Another Item on My To-Do List?
By Mike D’Avolio
According to a study, 42% of self-employed people and small business owners are not preparing for retirement. It’s understandable that a new business owner has bigger fish to fry than planning for retirement, such as getting the business off the ground. However, once a business does turn the corner, establishing a retirement plan for the owner and employees should be considered. The plan can be simple to start up and contribution amounts can be commensurate with the business’ profits.
Employers serve an important role in preparing themselves and employees for retirement and the accompanying tax deferrals. After all, offering retirement benefits is a great way to attract and retain good talent.
There are a variety of retirement plans available to small businesses (the IRS treats self-employed folks as small businesses) that allow the employer and employee a tax favored way to save for retirement. In general, contributions made by the owner for himself or herself and for employees can be deducted. Furthermore, the earnings on the contributions grow tax free until the money is distributed from the plan. Withdrawals from these plans prior to retirement age will carry penalties.
Generally, contributions to these retirement plans can be made up until the due date of the tax return. Consequently, the small business owner can invest money in a plan after year end and still take a deduction on the prior year tax return. The small business owner is also allowed a tax credit equal to 50% of the first $1,000 incurred in starting up a plan.
Here are some retirement plan options available to the small business owner or self-employed individual (with 2017 plan limits):
Simplified Employee Pension (SEP IRA)
SEP IRAs are for small businesses with any number of employees and there are no significant administration costs. Tax deductible contributions are made only by the employer and contribution percentages for the employer and employee must match.
Deductible contributions are limited to the lesser of 25% of the participant’s compensation or net self-employment earnings (up to $270,000) or $54,000. Distributions in retirement are taxed as income. This plan type is best suited for small business owners with no or few employees.
Savings Incentive Match Plan for Employees (SIMPLE IRA)
SIMPLE IRAs are available to employers with 100 or fewer employees and are funded from contributions from the employer (tax deductible) and employee (pretax dollars). The contribution limit is $12,500 (per employer or employee) with an additional catch-up contribution limit of $3,000 for those who are age 50 or older.
The employer can either match the contribution up to 3% of compensation or make a non-elective contribution of 2% of compensation. This plan type allows for employees to contribute through salary deferrals and is fairly easy to set up.
This tax-deferred plan for small businesses offers generous contributions limits, but are not suitable for businesses with no common law employees or anyone working for the company without an ownership interest (unless the employee is your spouse). The owner can contribute and deduct up to 25% of compensation plus an additional $18,000 salary deferral up to a $54,000 maximum. An additional $6,000 catch-up contribution for those age 50 or over is available.
Please note: The standard 401(k) plan allows employees to contribute amounts to the plan in pre-tax dollars, which has the effect of a tax deduction for the employee. The contribution and salary deferral limit is $18,000 with an additional $6,000 catch-up contribution. Employers can match employee contributions.
Traditional and Roth IRA Plans
These plan types are open to everyone with earned income, although there are some income limits. Contributions to traditional IRAs are tax deductible and distributions are taxed. Whereas, contributions to Roth IRAs are not tax deductible but withdrawals in retirement are tax-free.
These are plans for individuals, and owners and employees can set up and contribute to their own plan.
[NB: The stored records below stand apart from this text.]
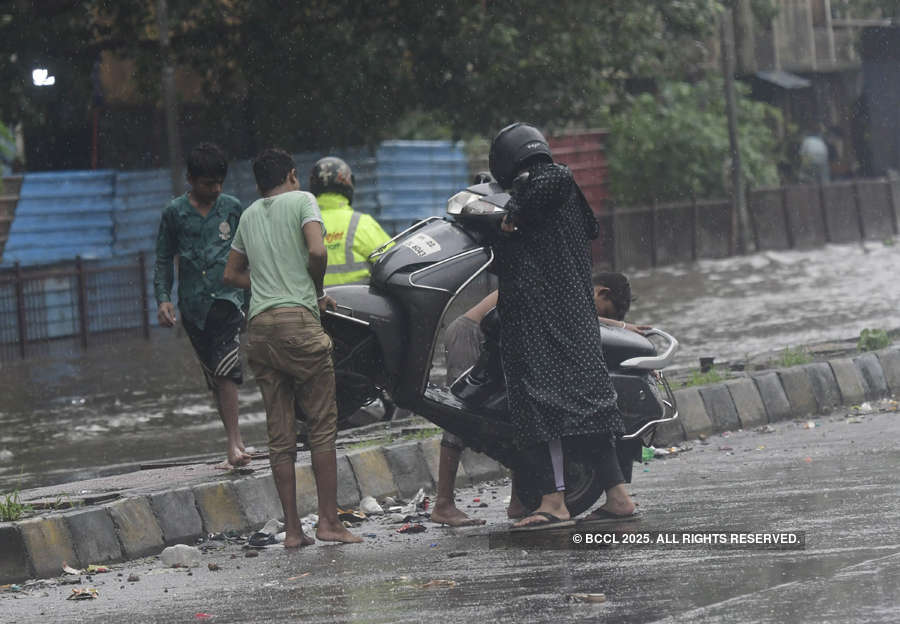 These pictures show how incessant rain disrupted normal life in Mumbai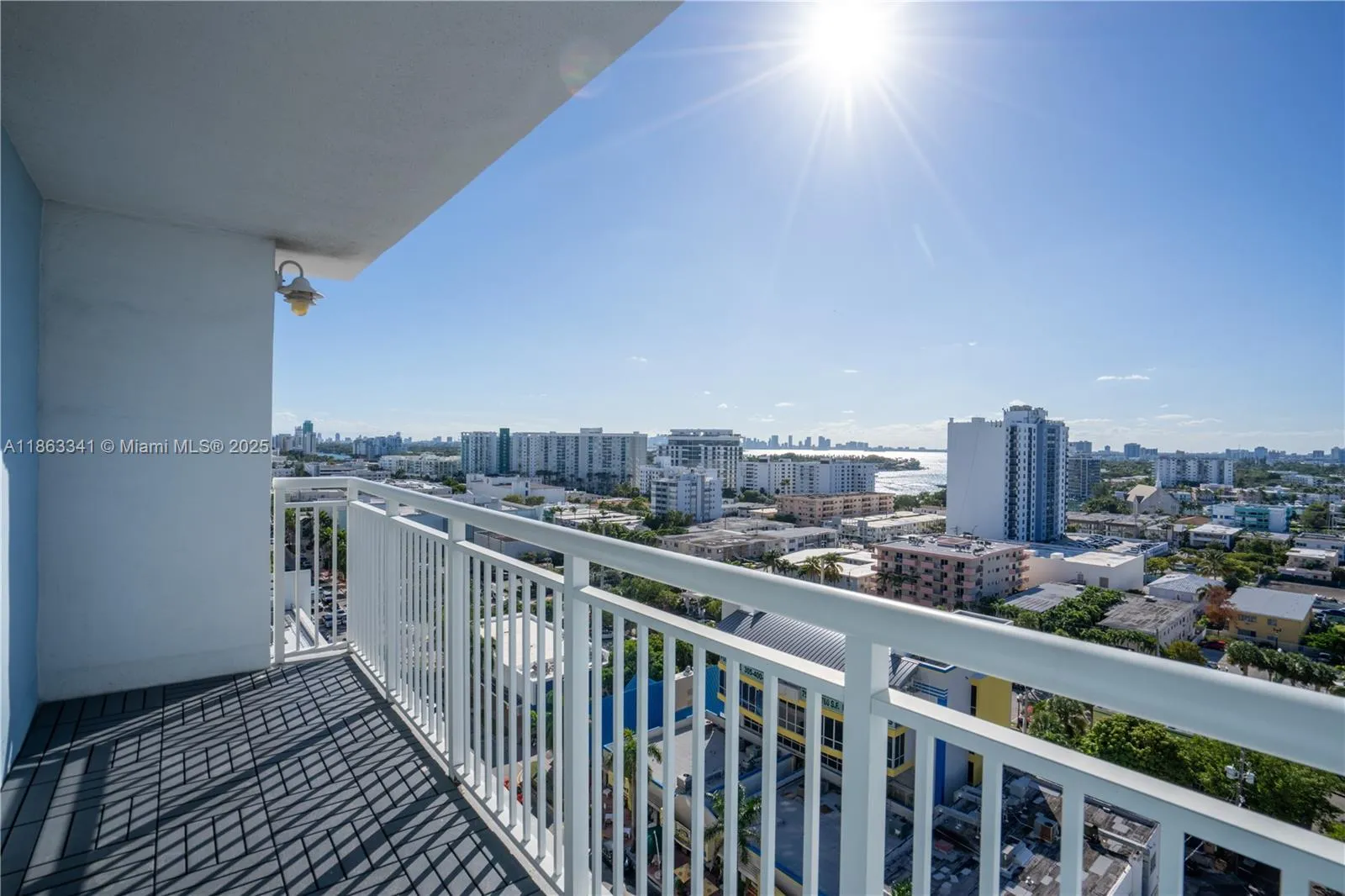 6969 Collins Avenue # 1502, Miami Beach FL 33141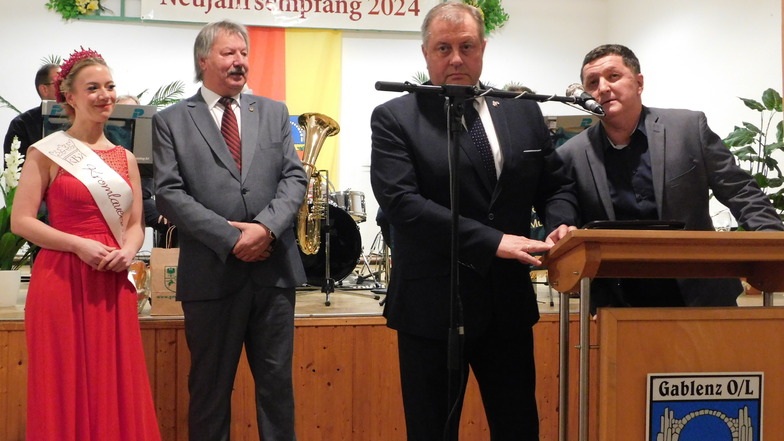 Auch zum Neujahrsempfang 2024 in Gablenz kam Bürgermeister Leszek Mrozek (2.v.re.) samt Abordnung aus Zary. Doch vielleicht war es nach neun Jahren sein letzter Besuch.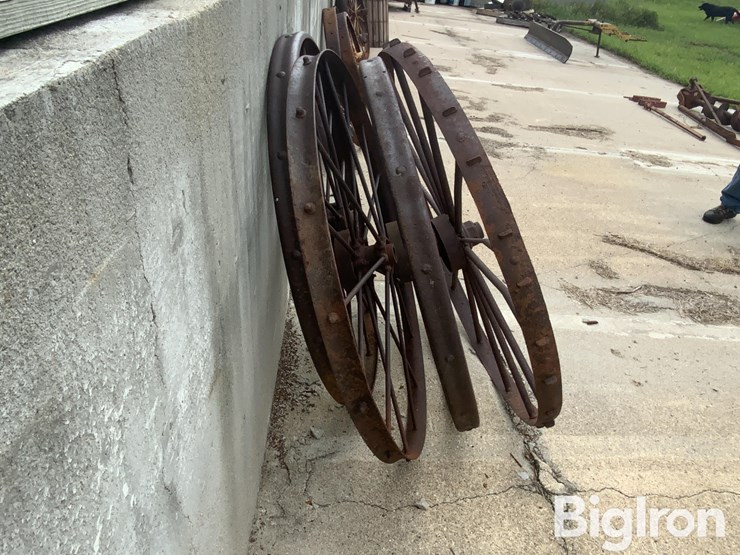48"-steel-wheels-image-4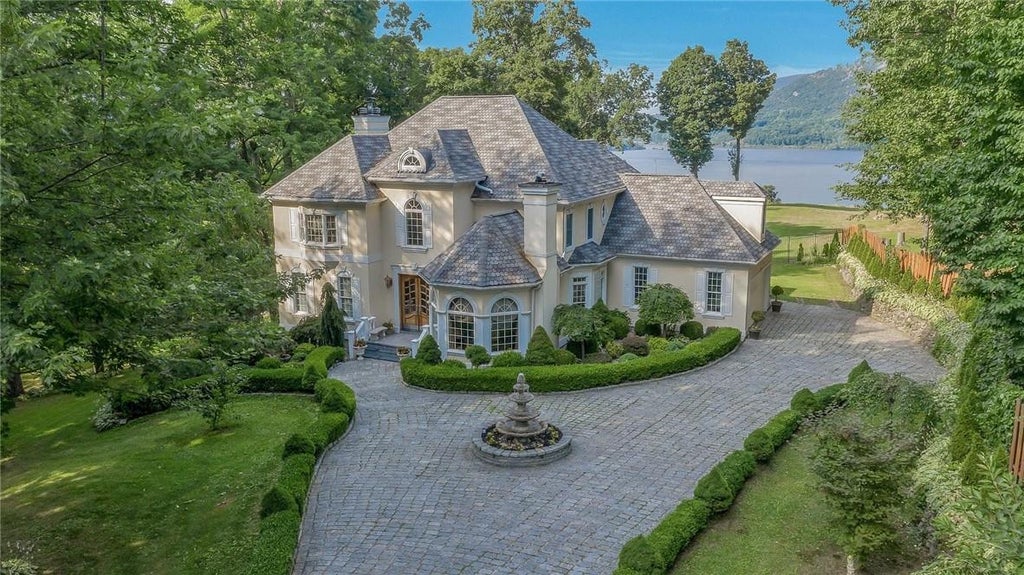 1 of 1 - 191 Bay View Avenue, Cornwall On Hudson, NY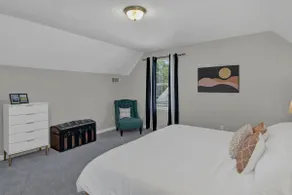 Private Upstairs Duplex-Brookstone Retreat - Image 2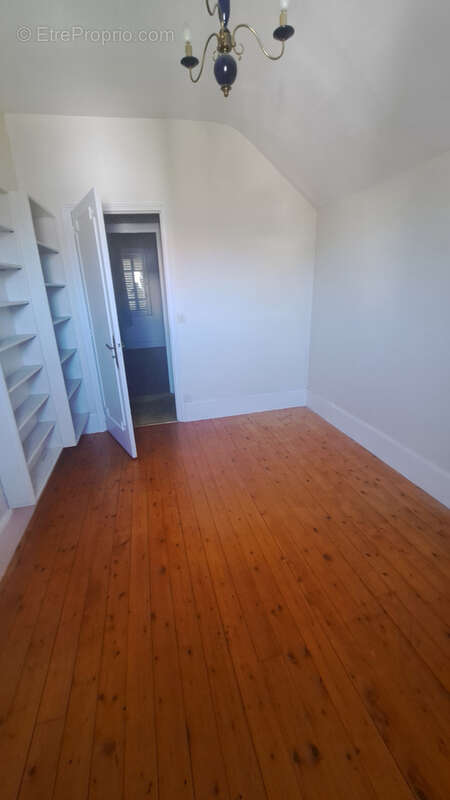 Maison à MALESHERBES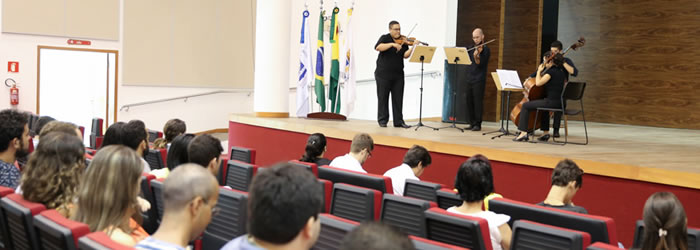 Ufac recepciona alunos ingressantes de 5 cursos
The limit on annual contributions to an IRA is $5,500, with an additional catch-up contribution limit for those aged 50 of $1,000.
These plans are very easy to set up by opening an IRA account through a brokerage firm. Contributing to a Roth IRA instead of a traditional IRA tends to be more beneficial earlier in life when your tax rate is lower than when you pull the money out.
Overall, you should evaluate the attributes of each plan and determine which one works best for your business. Most brokerage firms allow you to open any of the four most common types of retirement plans (SEP IRA, SIMPLE IRA, solo 401(k) and IRA) and a broker will help you through the process. It’s also smart to consult with a financial advisor or accountant before deciding on a plan.
If you can afford to, you should think about maxing out your own contributions and tax deferrals. Building wealth provides security and the ability to expand your business.
Mike D’Avolio is senior tax analyst with the Intuit Professional Tax Group, he has been a small business tax expert for more than 20 years and serves as the primary liaison with the IRS for tax law interpretation matters, manages all technical tax information, and supports tax development and other groups by providing them with current tax law developments, analysis of tax legislation, and in-depth product testing.